▶ _Collected data_:

--------------------

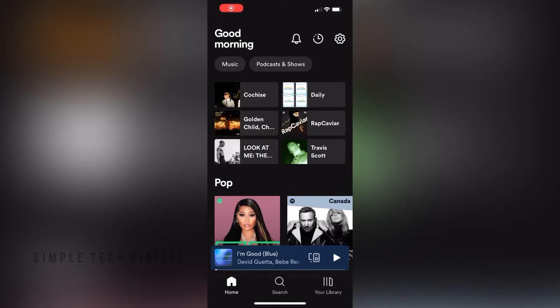How to turn on Spotify offline on your iPhone. Hey everyone, and welcome back to another tutorial. In this video, we're going to go over how to turn on Spotify offline on your iPhone. So without further ado, let's get started.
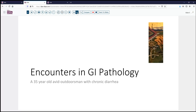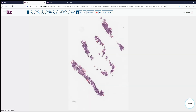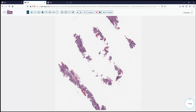Our case today comes from the realm of GI pathology. This is a 35-year-old who is a rather avid outdoorsman and over the past several months had some degree of chronic diarrhea resulting in even a little bit of weight loss. His internist referred him to gastroenterology and he underwent an upper endoscopy as well as various other modalities of testing. These are his biopsy samples, which at low power represent the typical fragmented duodenal biopsies.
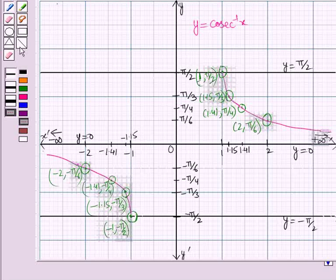So in this session you have learnt about the graphs of y equal to secant inverse x and y equal to cosecant inverse x. This completes our session; hope you all have enjoyed it.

--------------------

From the first line to the last, write out the data exactly, omitting any pictures.

How to turn on Spotify offline on your iPhone. Hey everyone, and welcome back to another tutorial. In this video, we're going to go over how to turn on Spotify offline on your iPhone. So without further ado, let's get started.
Our case today comes from the realm of GI pathology. This is a 35-year-old who is a rather avid outdoorsman and over the past several months had some degree of chronic diarrhea resulting in even a little bit of weight loss. His internist referred him to gastroenterology and he underwent an upper endoscopy as well as various other modalities of testing. These are his biopsy samples, which at low power represent the typical fragmented duodenal biopsies.
So in this session you have learnt about the graphs of y equal to secant inverse x and y equal to cosecant inverse x. This completes our session; hope you all have enjoyed it.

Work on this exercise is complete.